GROMACS SUBSET STATISTICS
This is a method for generating data in gromacs programs which require the system to be composed of only those molecules or atoms on which statistics will be run.
Let’s say you have a system composed of N different species and you’ve got your xtc trajectory file from the run. Then let’s say you want to know about average cluster sizes of one of the species in the simulation. For some programs in gromacs (not g_clustsize, the one in question here) this is fairly easy because the software lets you specify, either through the program options itself or through an index file, what you’d like to consider. With others though, especially those with options for dealing with molecule statistics explicitly, that don’t allow you to do this for whatever reason.

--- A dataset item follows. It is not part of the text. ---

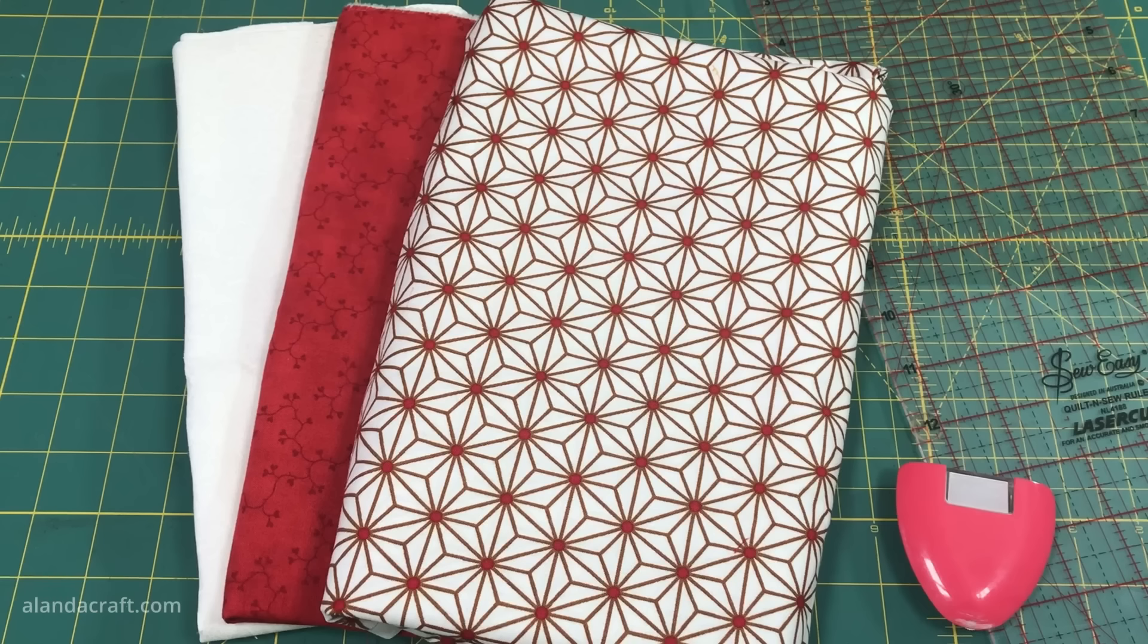Now I am going to be sewing these together, but I think I want to break them up a bit with some of the white fabric. So I'm going to cut a couple more one and a half inch strips, and from these I'm going to sub cut them into five pieces measuring ten and a half inches.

So, a workaround is necessary.
First, edit your input mdp file and topology with extreme prejudice, eliminating or commenting out references to anything you’re not interested in. For instance, in my files, I need to remove all water and ions. I call all these new files “fake” versions of the real files.
$ diff fake_fullmd.mdp fullmd.mdp
15,16c15,16
< xtc_grps = protein ; sol na+ cl-
< energygrps = protein ; sol na+ cl-
---
> xtc_grps = protein sol na+ cl-
> energygrps = protein sol na+ cl-
$ diff fake_topol.top topol.top
163a164,166
> SOL 9529
> NA+ 10
> CL- 10
Make sure you have an index file if you don’t already:
$ make_ndx -f conf.gro
Then dump the first frame of the real simulation. The program (trjconv) will ask you which parts of the frame you’d like to dump.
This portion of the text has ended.